Maxis'in bedeni Shadow Man tarafından kontrol altına Maxis Drone'ın Origins'in sonunda gözüken eve gönderilebilmesiyle kontrol altına alınabilmiş, sadece beyinini almıştır, ruhunu değil ve Shadow Man, Maxis'le kendisini Summoning Key'in dışına çıkarabilmesi için iletişime geçer. Daha sonrasında ekip eve varır ve çocuk halleri, Samantha ve Eddie ile karşılaşır. Sonrasında bodrumda Maxis ile karşılaşırlar ve ışınlayıcıyı yok ederler. Bir süre sonra Maxis, kafasındaki seslere uyarak Shadow Man'i çıkarır ve bununla birlikte Maxis, içine hapsolur. Sonrasında Shadow Man, evreni Apothiconları salarak fethetmeye başlar. Daha sonrasında grup Shadowman'i bir Apothicon Heykelinin ağzına doğru vurarak yok etmeyi başarır. Son olarak Maxis ve Sophia, kendilerini feda ederler. Sonrasında Origins Karakterleri zamanda geriye yollanır, kahraman olarak görüldükleri bir yerde Primis olurlar ve bir zaman döngüsünün içine girerler.
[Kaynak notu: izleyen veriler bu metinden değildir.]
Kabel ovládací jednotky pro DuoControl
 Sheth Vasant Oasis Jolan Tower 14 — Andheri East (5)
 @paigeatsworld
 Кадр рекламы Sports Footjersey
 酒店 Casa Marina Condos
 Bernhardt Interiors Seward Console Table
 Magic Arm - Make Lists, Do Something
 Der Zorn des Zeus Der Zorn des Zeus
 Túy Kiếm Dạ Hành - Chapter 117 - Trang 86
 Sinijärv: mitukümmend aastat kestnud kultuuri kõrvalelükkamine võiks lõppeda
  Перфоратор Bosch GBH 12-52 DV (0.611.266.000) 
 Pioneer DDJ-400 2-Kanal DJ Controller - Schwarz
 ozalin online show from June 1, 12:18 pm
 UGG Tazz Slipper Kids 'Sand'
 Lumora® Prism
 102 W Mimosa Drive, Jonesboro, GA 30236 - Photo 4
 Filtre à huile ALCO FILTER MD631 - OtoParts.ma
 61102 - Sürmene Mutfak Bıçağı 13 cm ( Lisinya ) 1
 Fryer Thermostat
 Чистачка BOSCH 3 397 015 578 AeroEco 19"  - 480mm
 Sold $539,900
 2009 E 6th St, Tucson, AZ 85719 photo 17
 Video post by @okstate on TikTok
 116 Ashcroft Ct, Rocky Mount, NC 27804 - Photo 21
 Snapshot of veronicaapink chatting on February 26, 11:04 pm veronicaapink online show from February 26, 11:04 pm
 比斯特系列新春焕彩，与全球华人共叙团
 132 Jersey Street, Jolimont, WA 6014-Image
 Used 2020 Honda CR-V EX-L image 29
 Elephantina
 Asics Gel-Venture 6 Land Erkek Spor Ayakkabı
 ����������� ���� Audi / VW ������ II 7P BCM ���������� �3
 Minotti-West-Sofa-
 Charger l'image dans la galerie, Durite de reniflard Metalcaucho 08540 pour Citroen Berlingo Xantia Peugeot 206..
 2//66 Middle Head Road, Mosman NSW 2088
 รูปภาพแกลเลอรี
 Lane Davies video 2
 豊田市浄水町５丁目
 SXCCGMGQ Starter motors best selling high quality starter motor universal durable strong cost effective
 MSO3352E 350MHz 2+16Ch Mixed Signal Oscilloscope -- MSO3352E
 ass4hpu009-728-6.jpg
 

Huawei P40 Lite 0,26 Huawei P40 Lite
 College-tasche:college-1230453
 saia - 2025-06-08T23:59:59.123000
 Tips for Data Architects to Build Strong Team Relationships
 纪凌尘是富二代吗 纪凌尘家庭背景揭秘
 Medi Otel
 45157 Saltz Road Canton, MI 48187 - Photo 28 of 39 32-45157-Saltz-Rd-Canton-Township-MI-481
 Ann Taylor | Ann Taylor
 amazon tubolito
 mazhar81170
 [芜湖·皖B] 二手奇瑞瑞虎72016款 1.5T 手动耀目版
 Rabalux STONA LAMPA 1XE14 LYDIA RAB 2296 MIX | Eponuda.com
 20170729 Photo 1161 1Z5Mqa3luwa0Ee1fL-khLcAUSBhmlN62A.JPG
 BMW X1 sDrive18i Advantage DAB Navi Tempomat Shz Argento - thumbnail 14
Son olaraktan Advanced Warfare, Infinite Warfare ve yeni çıkacak olan WWII'deki zombi modları bu hikayeye dahil olmadığını hatırlatmak isterim. Onlar hakkında fikrimi soracak olursanız, AW iyi sayılır, IW leş ve rezalet, WWII ise umut vaadedici. Eh, bu uzuncana yazımın da sonuna geldik. Yeniden görüşmek dileğiyle, hoşçakalın.